La désinformation médicale n’est pas illégale
« Concrètement, pendant le covid, cet observatoire aurait interdit de dire autre chose que “le vaccin protège de l’infection et de la transmission”, que le Pass est “formidable”, qu’il “n’y pas d’effets secondaires” et aurait censuré et criminalisé toute pensée différente ! », assène Florian Philippot dans sa publication. Mais là encore, l’ancien député européen se trompe.
Le DSA prévoit deux bases légales distinctes pour enjoindre le retrait d’un contenu en ligne. Premièrement, l’illégalité du contenu, au regard du droit européen ou national, encadrée par l’article 16 du règlement, qui oblige les plateformes à agir rapidement face à des signalements étayés.
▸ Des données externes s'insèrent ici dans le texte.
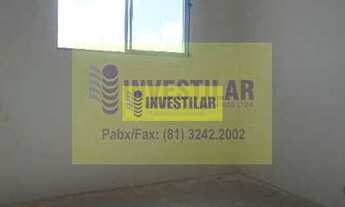 Imagem 4: EDF. RESIDENCIAL MUNDO LIFE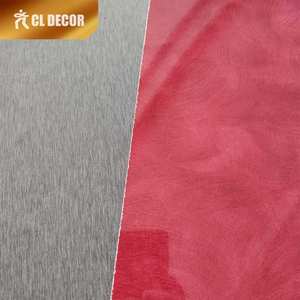 Textura de grano de madera gruesa, laminado compacto, <span class=keywords><strong>tablero</strong></span> de mesa Hpl, <span class=keywords><strong>resina</strong></span> fenólica impermeable, <span class=keywords><strong>precio</strong></span> bajo, característica ignífuga - Product Image 3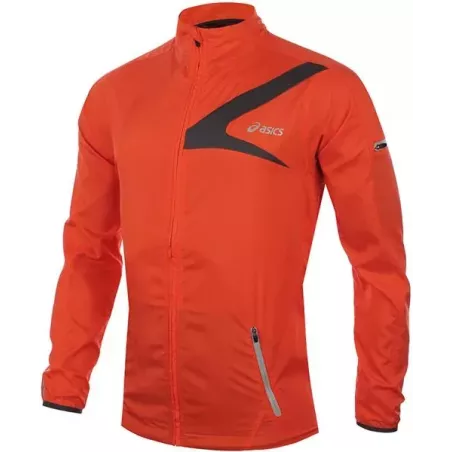 Kurtka męska ASICS Woven 421202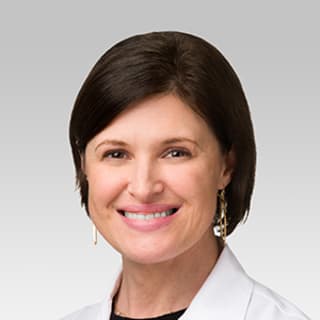 Sarah Collins, MD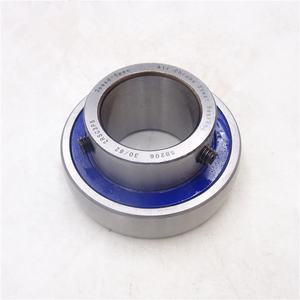 उच्च गति प्रशंसक sb206 असर 30*62*30mm डालने गेंद असर एस. बी. 206 30/62 - Product Image 1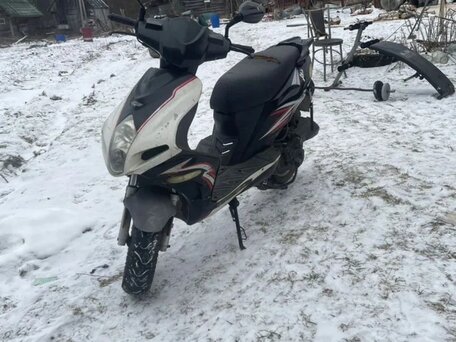 2012 Nexus F35, чёрный, 60000 рублей, вид 2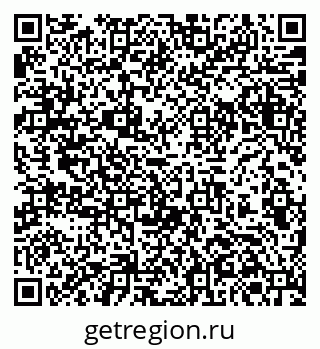 79061371382
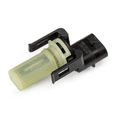 thumbnail image 2 of Auto Parts, Intake Manifold Temperature Sensor 06K907386E 06K907386D WT5818 AX382-HAPDEN, 2 of 3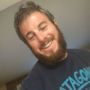 Chris Gideon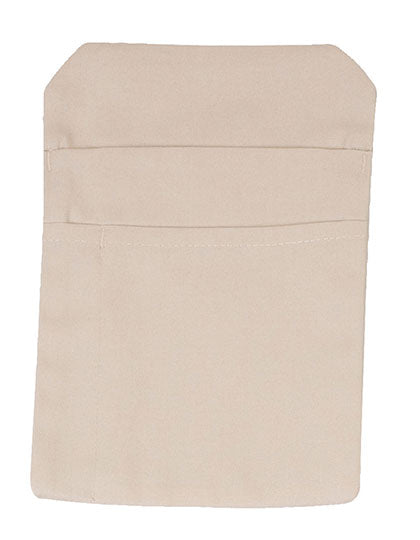 Waiter Bag Napoli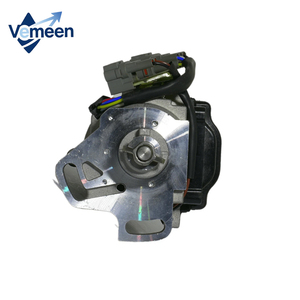 ตัวจ่ายไฟ 5AFE <span class=keywords><strong>2</strong></span>+4 คาริน่า สปรินเตอร์ 1988 2003 สายไฟ 19020-16250 สำหรับโตโยต้า 6+<span class=keywords><strong>2</strong></span> 1902016250 19020 16250 029020 1431 - Product Image 4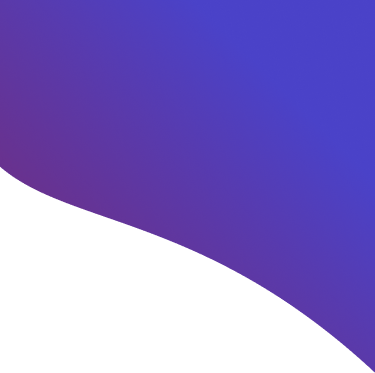 header-shape-2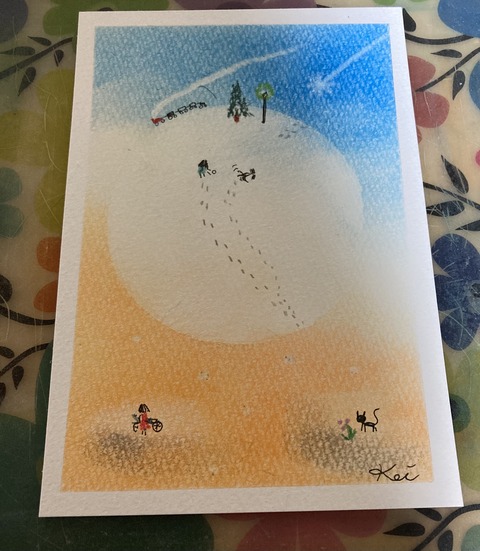 910B4DA0-2DF5-4AD4-A6B4-7611CFF1E5B2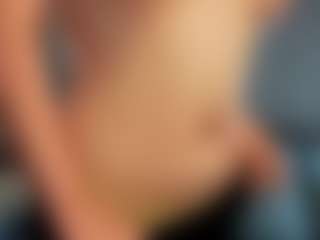 LashandaBarbagallo's Live Sex Cam Show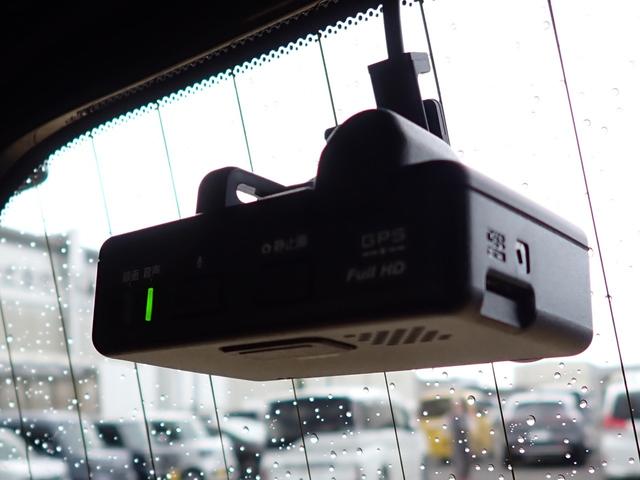 ステップワゴンスパーダ スパーダ・クールスピリットホンダセンシング 純正ナビ フルセグ Rカメラ ETC(30枚目)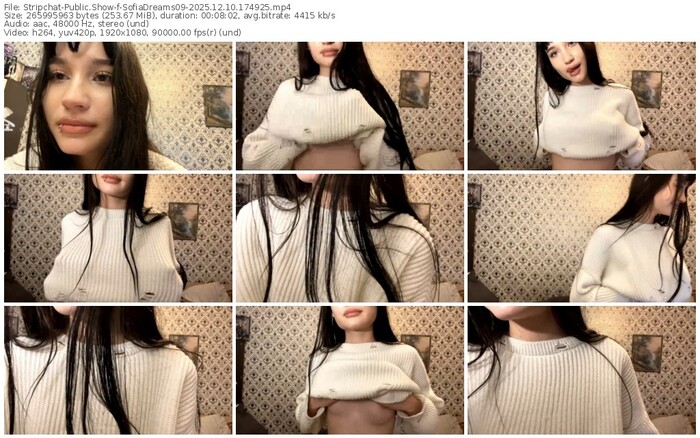 stripchat-sofiadreams09-12-10-2025-17-49-25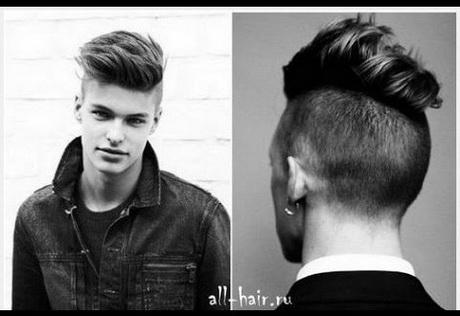 What is the latest hairstyle for 2016 what-is-the-latest-hairstyle-for-2016-37_6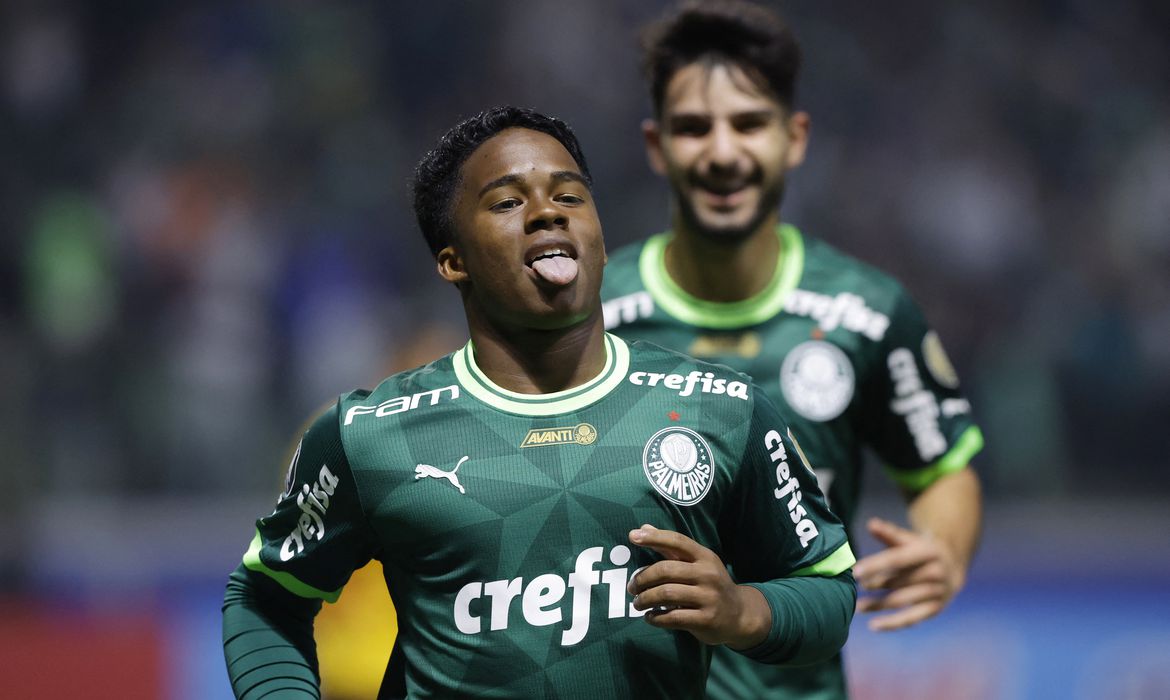 Imagem Substituída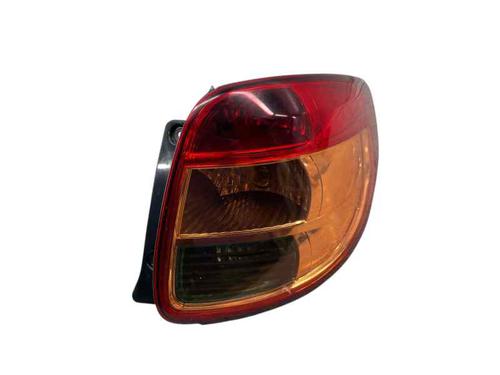Used Right taillight Right taillight SUZUKI SX4 (EY, GY) [2006-2026] 31683018 31683018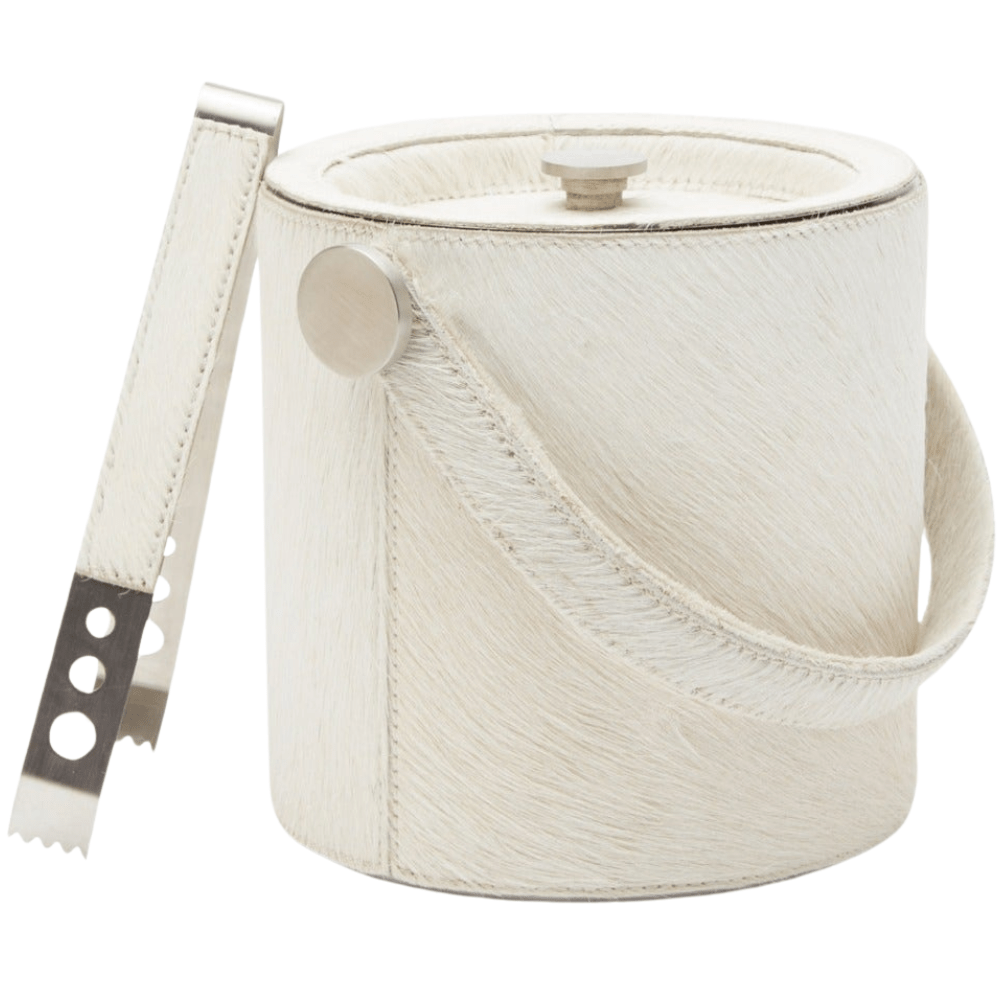 Browmley White Bar Collection Drinkware BP002684 08415971022821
Deuxièmement, la violation des conditions générales d’utilisation (CGU) de la plateforme, définies à l’article 14 du DSA.
« Ce n’est pas parce qu’un contenu est faux ou discutable qu’il devient automatiquement illégal », rappelle Suzanne Vergnolle. À l’exception du cas de celle proférée par un médecin (Art. R.4127-13 du code de la santé publique), la désinformation médicale n’est pas illégale ni contraire aux CGU des plateformes comme Facebook ou X.
« La grande majorité des contenus retirés sur les plateformes le sont sur la base de leurs conditions générales d’utilisation, et non des règles juridiques. La suppression se fait rarement sur la base de l’illégalité, car cela nécessite une preuve. Or les CGU, rédigées très largement, permettent aux plateformes d’agir de manière quasi discrétionnaire », précise encore Suzanne Vergnolle.
Quant aux cas d’illégalité avérée du contenu, l’observatoire pourrait seulement appliquer la loi existante. En aucun cas ne pourrait-il décider de son propre chef de la légalité, ou non, d’un contenu critique des vaccins. Cette possibilité de le rendre illégal, au sens de l’article 16 du DSA, revient au législateur. Mais incriminer une telle opinion poserait évidemment « un problème en termes de liberté d’expression et risquerait d’être très discrétionnaire », indique Suzanne Vergnolle.
En l’état, l’observatoire de lutte contre la désinformation en santé, comme annoncé par le ministère, n’aurait en réalité aucun pouvoir de censure : il ne pourrait ni enjoindre à retirer des contenus ni museler les prises de parole, même les plus critiques.